Turcja i Irak zgodziły się, że będą wspólnie działać przeciwko kurdyjskim bojownikom, wzmocnią stosunki gospodarcze poprzez budowę nowego szlaku handlowego i uwzględnią irackie zapotrzebowanie na dostęp do wody – pisze Reuters.
Erdogan oświadczył podczas wspólnej konferencji prasowej z premierem Iraku Mohammadem Szija as-Sudanim, że podzielił się ze stroną turecką przekonaniem, iż “zakończy się obecność PKK w Iraku”. PKK, czyli Partia Pracujących Kurdystanu, uznawana jest przez Turcję, USA i UE za organizację terrorystyczną.
Sudani poinformował, że kraje zgodziły się na strategiczne porozumienie dotyczące bezpieczeństwa, handlu i energii oraz na 10-letnią umowę dotyczącą zarządzania zasobami wodnymi, która uwzględni zapotrzebowania Iraku.
Turcja i Irak mają też współdziałać w ramach wzmocnienia bezpieczeństwa na granicy i zwalczania “niepaństwowych zbrojnych ugrupowań, które mogą współpracować z organizacjami terrorystycznymi”. Premier Iraku nie wskazał bezpośrednio na PKK – zaznacza Reuters.
Podczas wizyty w Bagdadzie podpisane zostało też czterostronne porozumienie między Turcją, Irakiem, Katarem i Zjednoczonymi Emiratami Arabskimi w sprawie współpracy przy irackim projekcie zakładającym utworzenie szlaku handlowego prowadzącego z Iraku przez Turcję do Europy. Koszt projektu szacowany jest na 17 mld USD.
Ankara dąży do ściślejszej współpracy z Bagdadem w ramach walki z kurdyjskimi siłami, które mają swój przyczółek w północnym Iraku – podkreśla AP. Erdogan zapowiedział rozpoczęcie latem dużej operacji wymierzonej w PKK, obecnej w północnej części Iraku od lat 80. Ok. 40 lat temu PKK zaczęła stawiać opór państwu tureckiego, a wskutek jej rebelii zginęło ok. 40 tys. ludzi. Turcja od lat prowadzi operacje przeciwko kurdyjskim bojownikom.
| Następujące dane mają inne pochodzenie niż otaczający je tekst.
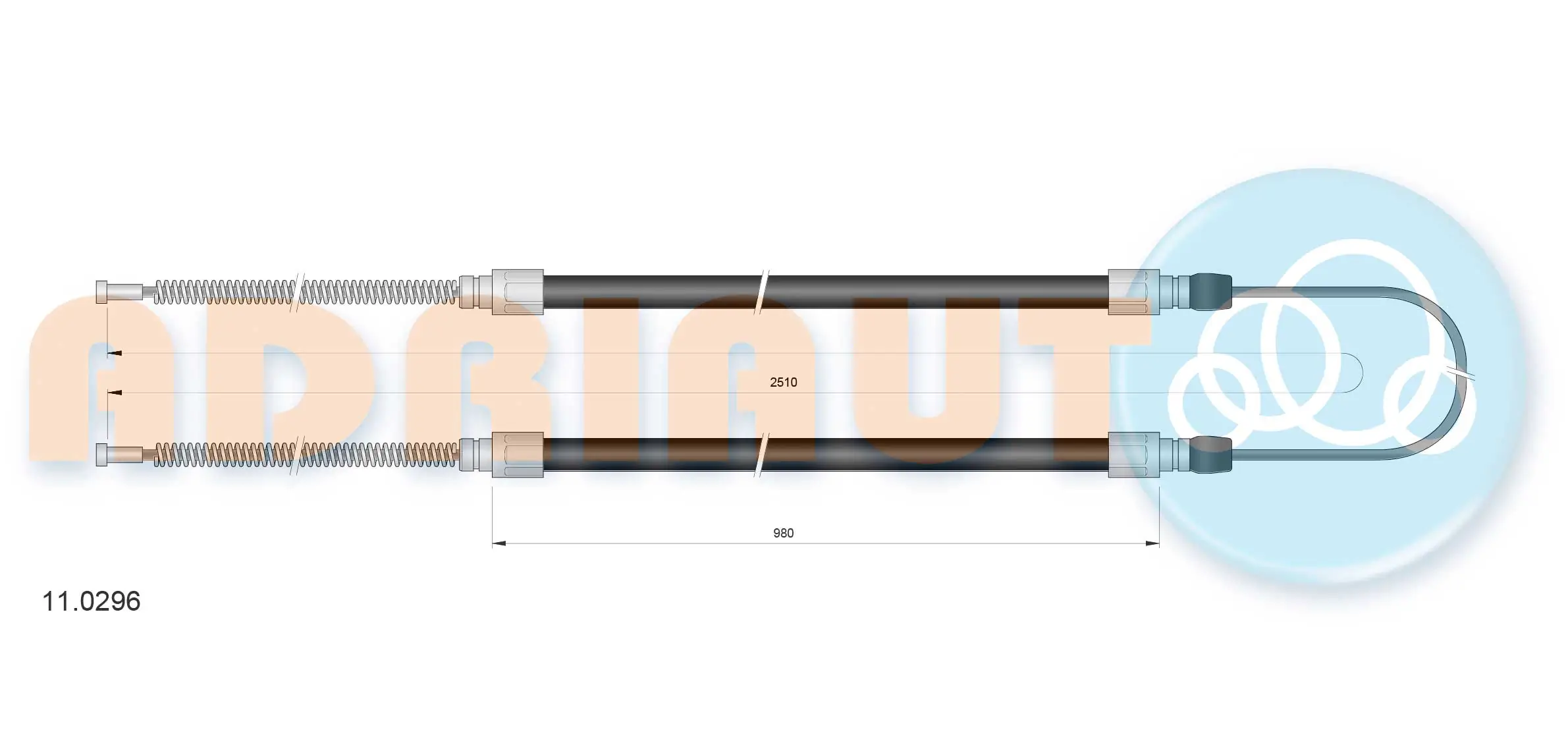 Cable Pull, parking brake 11.0296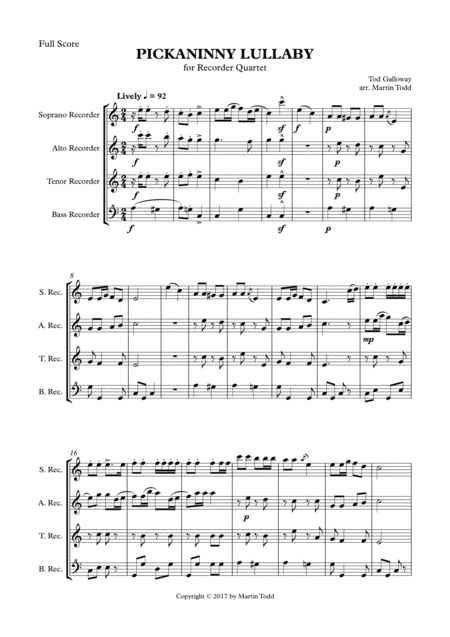 Pickaninny Lullaby For Recorder Quartet Satb Page 2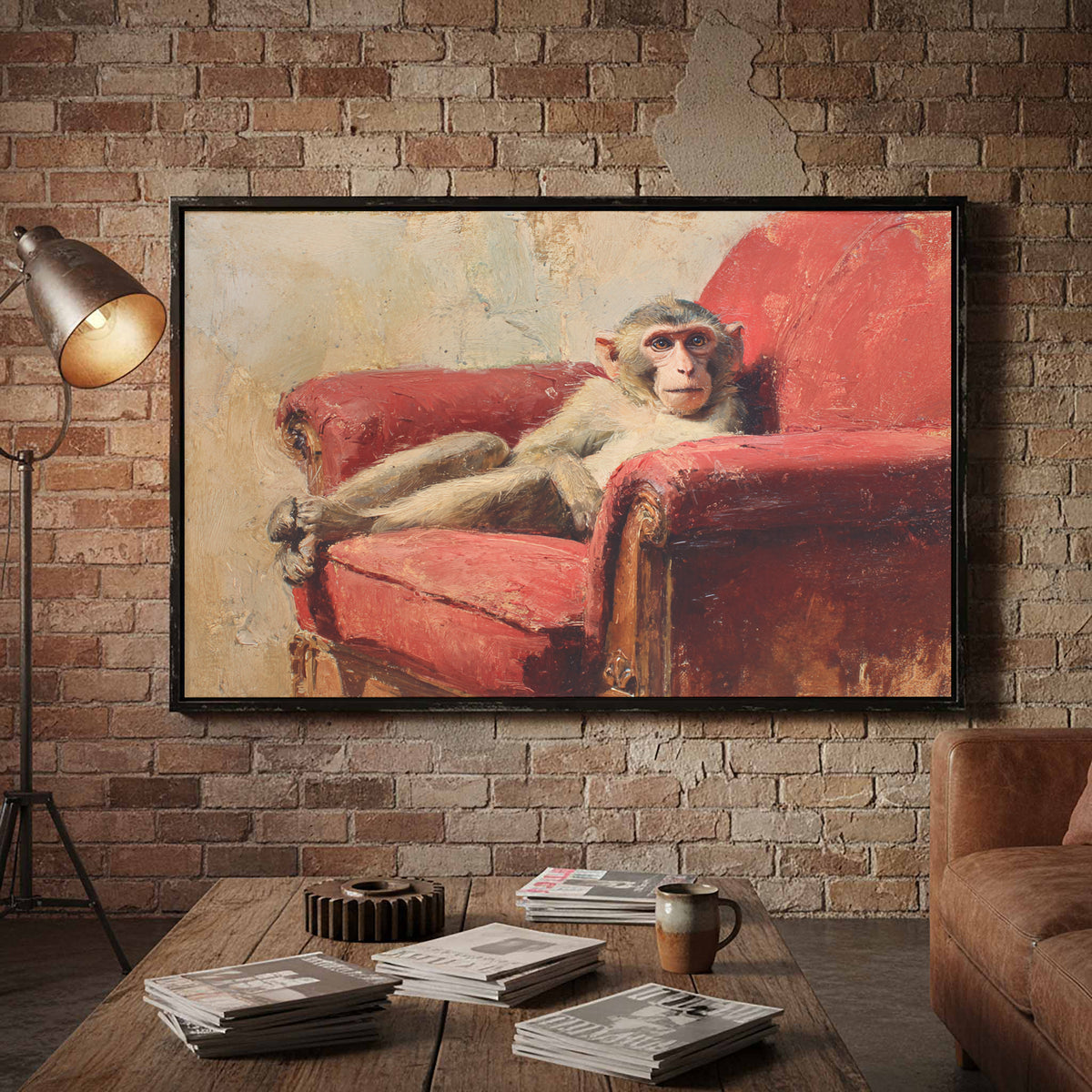 Monkey Armchair Canvas Print – styled room view 5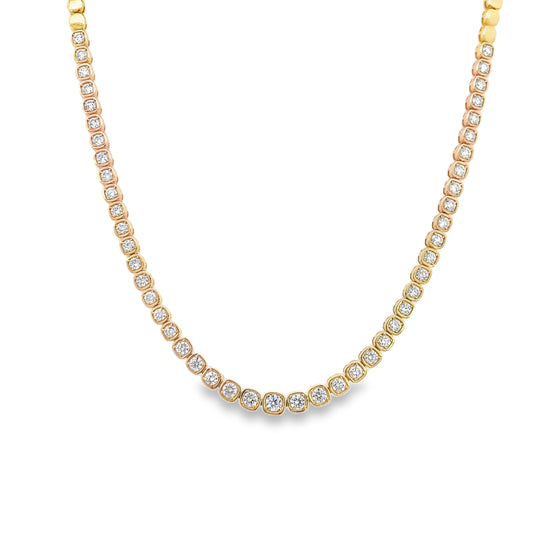 Cushion Bezel Setting Round Diamond 14k Tennis Necklace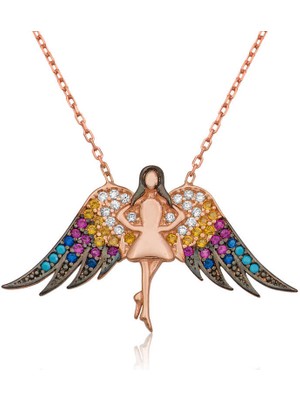 Menessa World 925 Ayar Gümüş Melek Kadın Gümüş Kolye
Teraz tureckie władze planują utworzenie “korytarza bezpieczeństwa” o szerokości 30-40 km na granicy z Irakiem. Bagdad, który w przeszłości skarżył się, że tureckie operacje przeciwko PKK uderzają w jego suwerenność, zbliża się ku stanowisku Turcji w tej sprawie – pisze AP. W marcu Irak ogłosił zakaz działania PKK, ale nie określił grupy mianem organizacji terrorystycznej.
We wspólnym oświadczeniu Ankara i Bagdad oznajmiły natomiast, że PKK stanowi zagrożenie dla obu krajów, a jej obecność na terytorium Iraku stanowi pogwałcenie irackiej konstytucji.
Według Turcji PKK zagraża budowie szlaku handlowego, który ma połączyć port w irackim mieście Basra z Turcją i Europą siecią autostrad i linii kolejowych.